Right; the problems computably decidable relative to an oracle for the ordinary halting problem are precisely those which are both Σ2 and Π2 (i.e., Δ2).

On the other hand, the problems computably decidable relative to Π2 (equivalently, with an oracle for a Π2-complete problem) are those which are both Π3 and Σ3 (i.e., Δ3). Indeed, the prototypical Π2-complete problem is (the complement of) the 2nd-level halting problem itself.

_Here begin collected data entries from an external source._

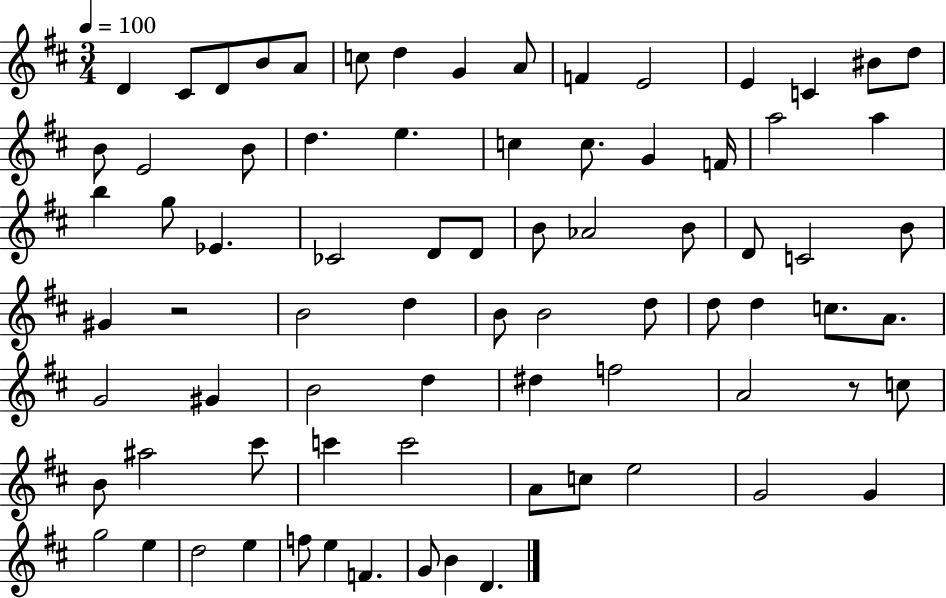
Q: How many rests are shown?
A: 2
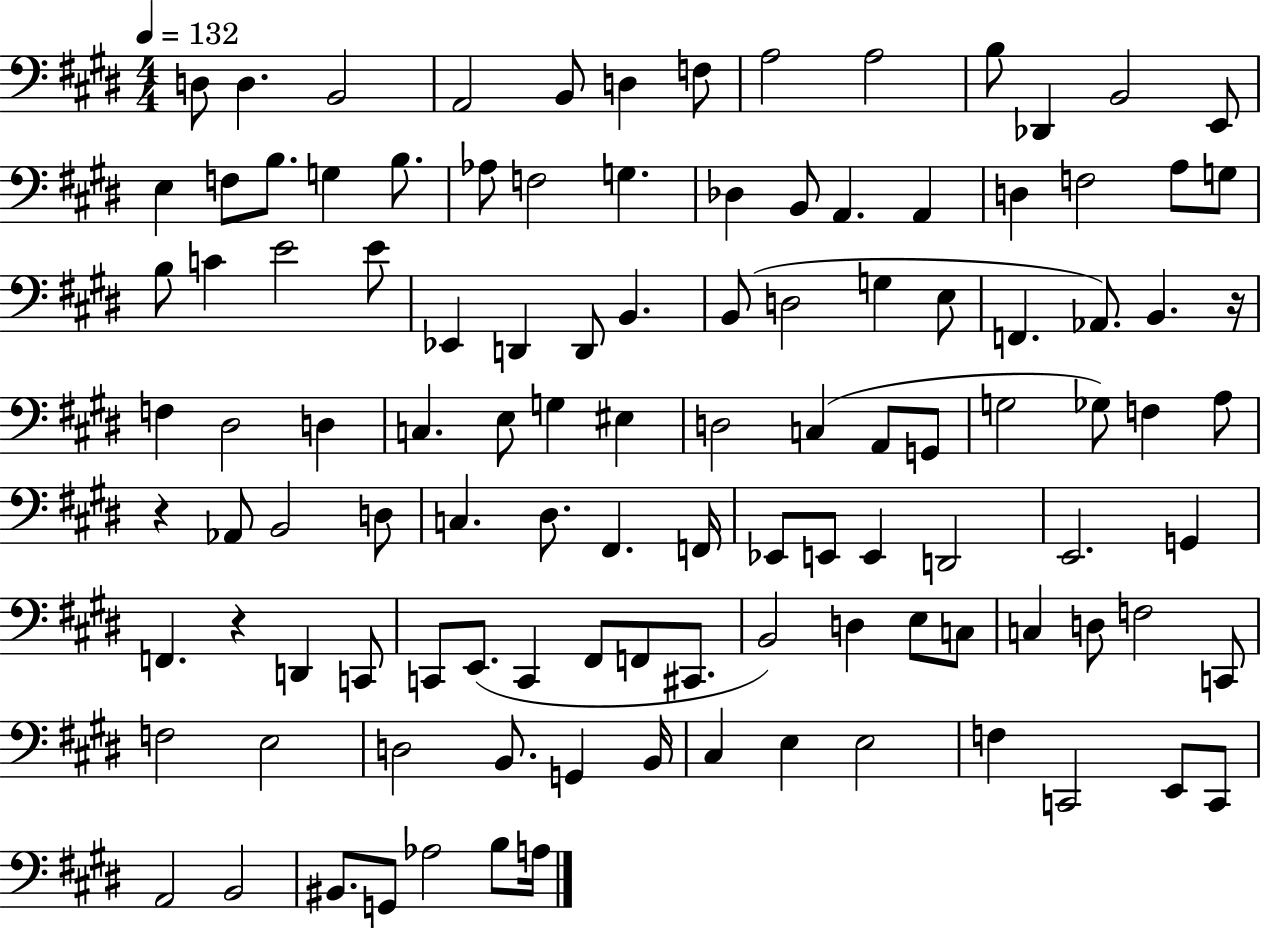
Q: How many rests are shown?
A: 3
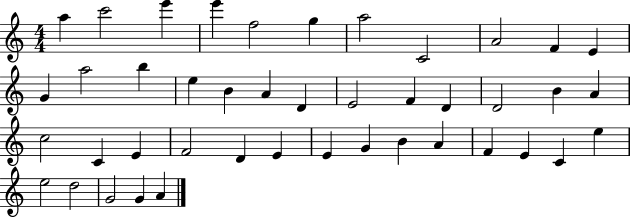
X:1
T:Untitled
M:4/4
L:1/4
K:C
a c'2 e' e' f2 g a2 C2 A2 F E G a2 b e B A D E2 F D D2 B A c2 C E F2 D E E G B A F E C e e2 d2 G2 G A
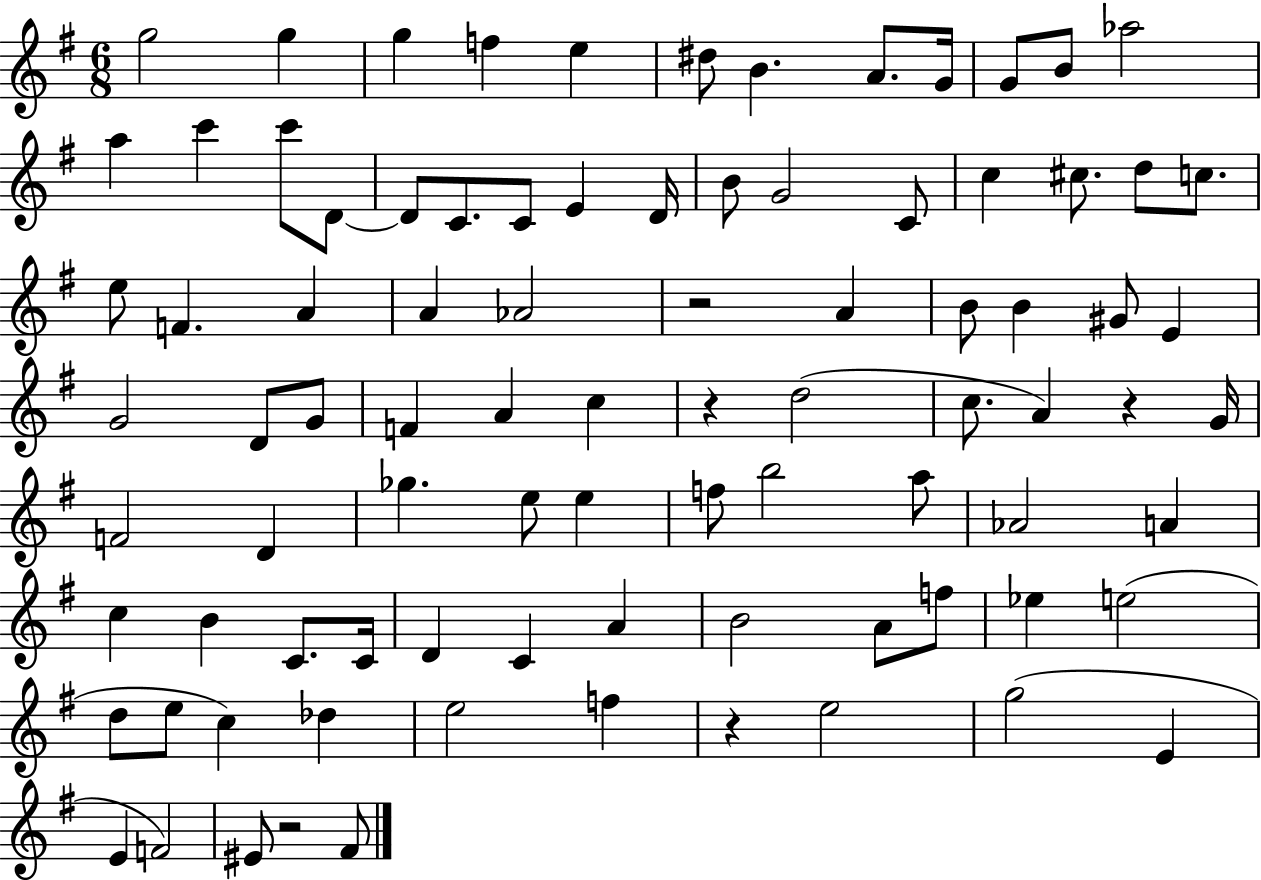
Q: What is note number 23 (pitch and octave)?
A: G4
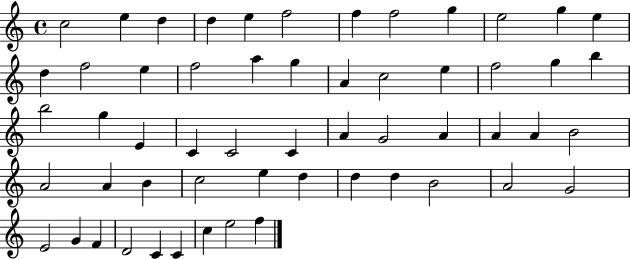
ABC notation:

X:1
T:Untitled
M:4/4
L:1/4
K:C
c2 e d d e f2 f f2 g e2 g e d f2 e f2 a g A c2 e f2 g b b2 g E C C2 C A G2 A A A B2 A2 A B c2 e d d d B2 A2 G2 E2 G F D2 C C c e2 f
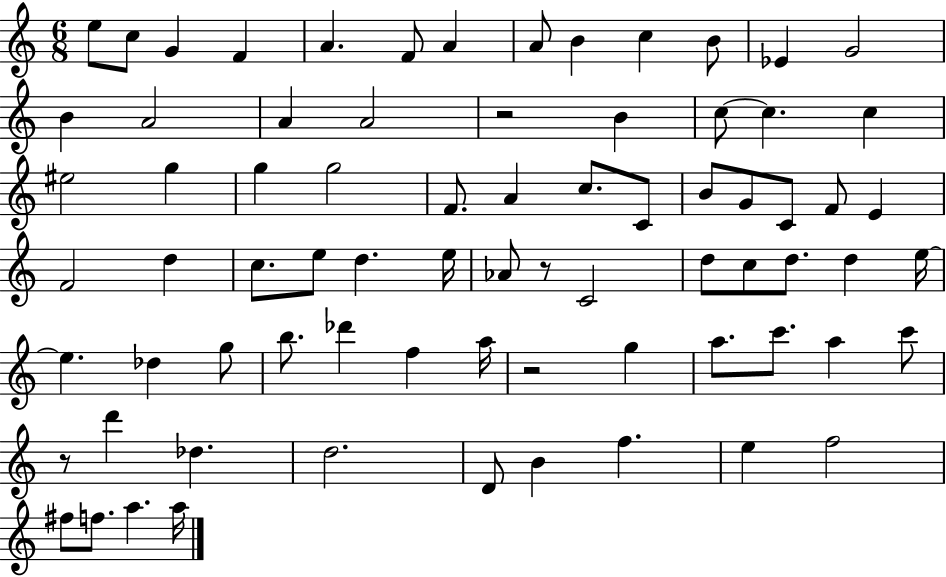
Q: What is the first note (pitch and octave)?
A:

In general, to be decidable relative to X is to be both semidecidable and co-semidecidable relative to X, and to be semidecidable relative to X is to be part of Σ(X) (accordingly, co-semidecidable relative to X is Π(X)); the halting problem relative to X is always in Σ(X) but not Π(X), and is always complete for Σ(X) [in the sense of many-one reduction].

SCSimmons
07-07-2010, 05:46 PM
Stop that, Indistinguishable; you're making me want to go back to grad school. I remember that I had good reasons for quitting, but I get excited reading posts like yours and can't remember what they were.

Enola Straight
11-30-2010, 01:34 AM
edit: never mind, zombie thread

Exapno Mapcase
11-30-2010, 11:50 AM
edit: never mind, zombie thread

That's because the Twin Prime Conjecture states that time passes differently when one twin is in a spaceship moving near the speed of light.